La chute de RomeFin d'une civilisation
Bryan Ward-Perkins (Alma éditeur, 370 pages, 24,90 euros, 2014) |
Inventé en 1971, le concept d'Antiquité tardive a donné lieu à beaucoup d'avatars. Jusqu'à quel point la chute de Rome a-t-elle été une catastrophe ? Dans quelle mesure les Barbares ont-ils une part dans le déclin de l'empire d'Occident ? Cet empire a-t-il véritablement décliné ? Ne s'est-il pas plutôt métamorphosé pour donner le jour à un élan spirituel sans égal, avec le christianisme et l'islam ?
Dans cet essai palpitant et très personnel, l'archéologue britannique Bryan Ward-Perkins remet les pendules à l'heure... et les Barbares à leur place.

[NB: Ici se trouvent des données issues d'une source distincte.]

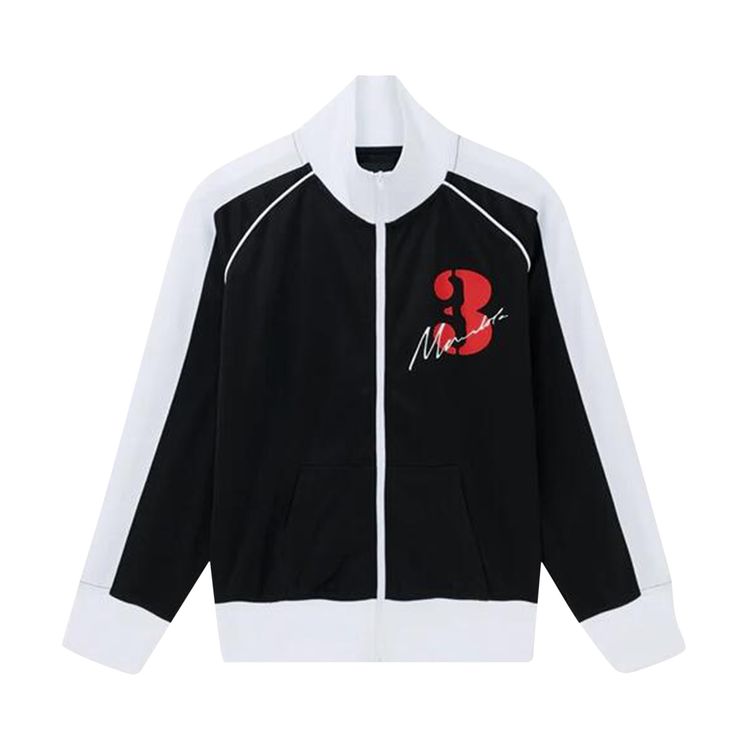

Топ Mowalola Mowa Sports Track Top 'Black', черный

« Jusqu'à une date récente, on considérait que l'économie de l'Empire avait fortement décliné au cours des IIIe et IVe siècles, note-t-il. Cependant, le travail archéologique effectué après la Deuxième Guerre mondiale a mis en cause cette analyse. Dans la majeure partie de l'Orient méditerranéen et dans certaines parties de l'Occident, des fouilles et des prospections ont permis de conclure à l'existence d'une économie florissante de l'Empire tardif, accompagnée d'une prospérité rurale et urbaine réelle, fort étendue ». Cette prospérité permet d'entretenir une armée professionnelle qui comprend pas moins de 600.000 soldats.
Bryan Ward-Perkins, qui ne dissimule pas sa sympathie pour la Rome impériale, observe aussi la très grande diffusion de l'écrit aux premiers siècles de notre ère :« l'écrit était d'une utilisation commune sur un mode parfaitement éphémère et quotidien. Pompéi nous en fournit, sans surprise, de nombreuses preuves. Plus de onze mille inscriptions en tous genres y ont été relevées... ».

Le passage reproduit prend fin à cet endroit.